As for the spook, my best explanation for writing this well is that I’m an easily frightened person. The last scary movie I saw was Paranormal Activity, and I walked out of that movie theater and said, “Hell no. I am never doing that again.” I know what keeps me up at night, so that’s what I wrote.

I also learned a lot about writing horror due to my book club forcing me to read The Southern Book Club’s Guide to Slaying Vampires. That book scared the bejeesus out of me, but after I put it down, I marveled at Grady Hendrix’s ability to describe scary things in such graphic detail that I could barely hold the book while reading. My spouse got a big kick out of watching me read that book—crouched in my armchair, literally squealing in terror, unable to tear my eyes away from the page. I tried to imitate Hendrix’s style using the classic spooky elements found in gothic literature, and my scary scenes were born.

But Amber, you say, I did all that, and I still don’t have an agent. I hear you. I think querying is like climbing Mount Everest only to try your luck in the casino at the top. You do everything right and still have to shelve a book (or several). It’s not right. It’s not fair. And sometimes the only reason one person makes it and not another is dumb luck.

But I firmly believe that publishing is a matter of when and not if, as long as you keep going. Self-care, tenacity, and a network of supportive writer friends will get you through (I see you, #TeamPitchNBitch).

So I had my five agent offers. What now?

Trust me when I say that I was dramatically underprepared for that scenario. I talked to many people during that two-week period and learned a lot about navigating multiple offers. Here’s what I learned:

Know what you want in an agent. Write down your priorities. Then number them! 

It would have been a lot easier if there had been just one agent that was a strong choice, but what do you do when every agent who offers is a strong choice? What if all of them are great people with decent sales and stellar reputations?

You look at your priorities.

What are you optimizing for? Try treating it like those fun TikTok bracket effects that force you to choose the best Disney prince or the best Taylor Swift album. The great thing about these is that it forces you to decide between two good things. 

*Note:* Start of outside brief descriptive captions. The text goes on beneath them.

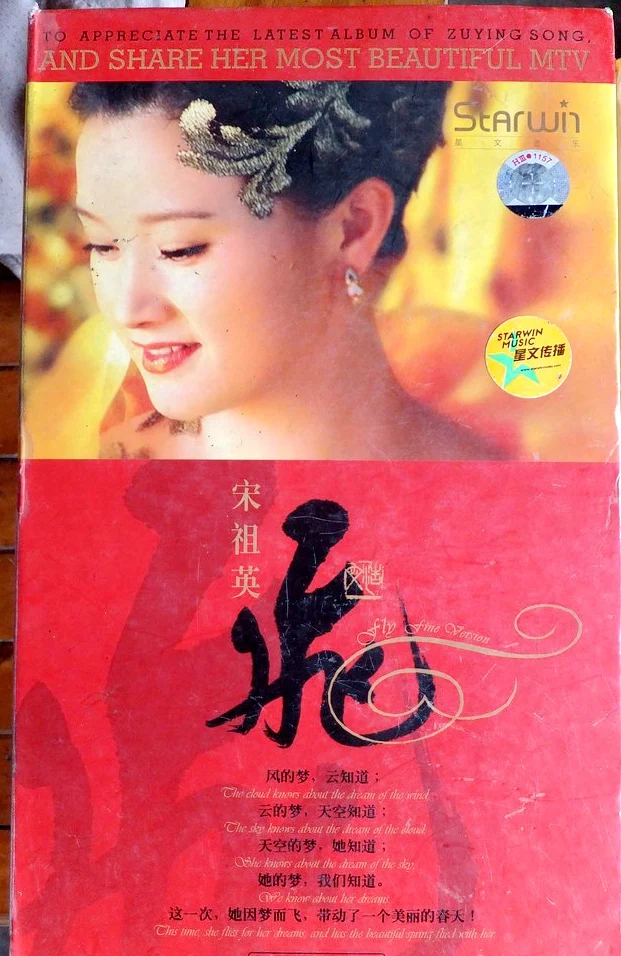 宋祖英 – 飞 KTV[DVD-ISO][3.20G]-蓝光演唱会资源网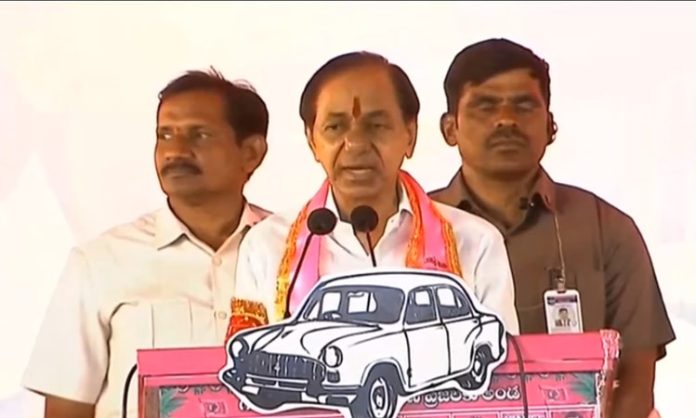 CM KCR Public Meeting at Rajanna Siddipet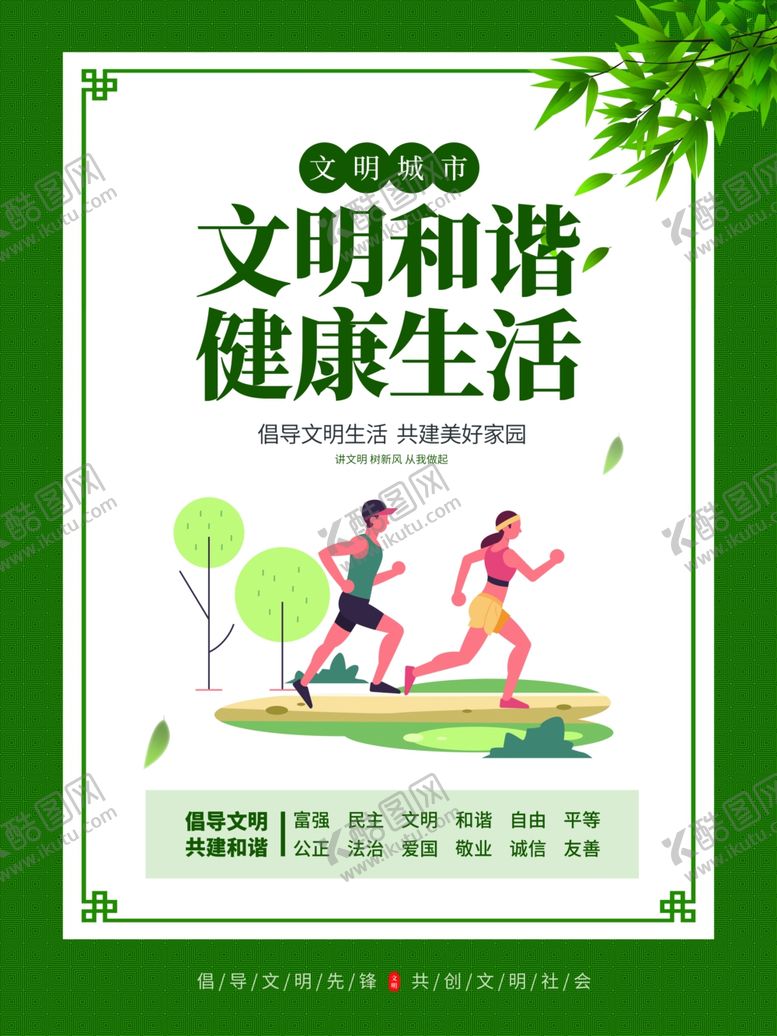 编号：72582404052133544284【酷图网】源文件下载-简约小清新创建文明城市挂画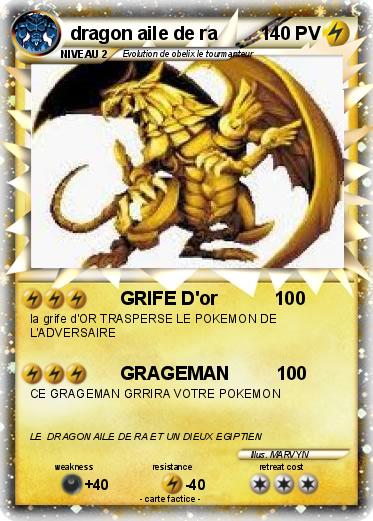 Pokemon dragon aile de ra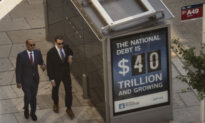 US Budget Deficit Hits 5-Year High of $1.99 Trillion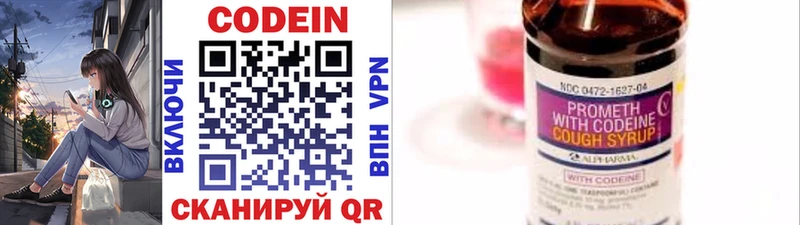 Купить закладки  Лабытнанги  Кодеиновый сироп Lean напиток Lean (лин) 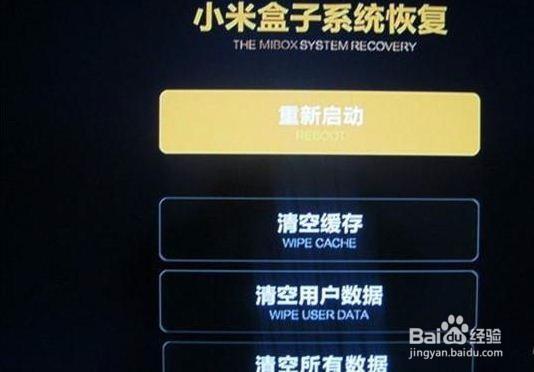 小米盒子无法进入应用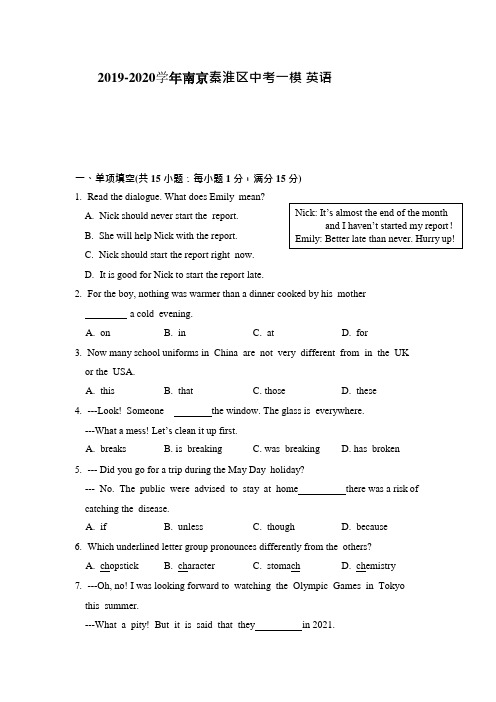 2019-2020学年05月26日南京秦淮区中考一模英语试卷+卷解析
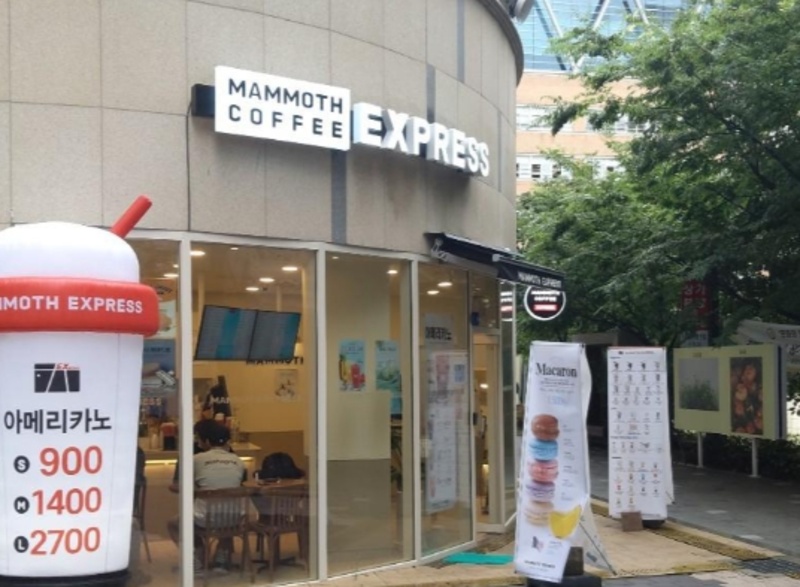 『용산』풀오토 매머드익스프레스양도양수 창업/순익700만/초보창업/고수익창업/소자본창업/매머드익스프레스창업비용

One agent might be Hercules—they would jump into the swirling death waters of the underworld for you and your book. But another is Aladdin—they have quite a reputation, and they can show you the world! One agent is Folklore—everyone loves them, and for good reason. They’re cozy and will calm your nerves during those inevitably difficult weeks on submission. But another is Reputation—they’re making deals and taking names from their snake-y throne, and they’ll fight for that one dollar bill in the bathtub for you. 

Point is, think about how you’re going to navigate several amazing choices. Here are some questions to help guide you:

  • Do you want a shot at making it really big, or would you rather have an agent that isn’t as big of a name, but who understands you and your work really well?

  • Do you want to write full-time or are you happy with a day job and making some dessert money with your writing?

  • How much hand-holding do you want through the submission process? 

  • Who has connections with the imprints you like? 

  • How have they sold in other genres that you might want to move into?

  • Who has the ability to give you the best editorial feedback for you?

See? Tricky. But figure out your priorities now, and hopefully it will be easier for you than it was for me. Personally, I had about twenty-four hours to figure out that my top priority is the longevity of my career. I want to spend my life writing, and I want to do it as much as possible. So I chose the best agent to help me do that.

Make connections with whisper networks. 

After you have the call, you’ll hopefully get a chance to speak with some clients of the agent. But if you have connections with other writers, you will also hopefully know someone who knows someone who’s also a client or who has interacted with this agent in the past.

An agent will probably give you contact info for their happiest clients, which makes total sense. The real test is if the whisper networks also have good things to say about the agent. I found people through Twitter rooms and r/pubtips on Reddit. 

Not every criticism of an agent is valid, but many are. So think critically and learn as much as you can about your source.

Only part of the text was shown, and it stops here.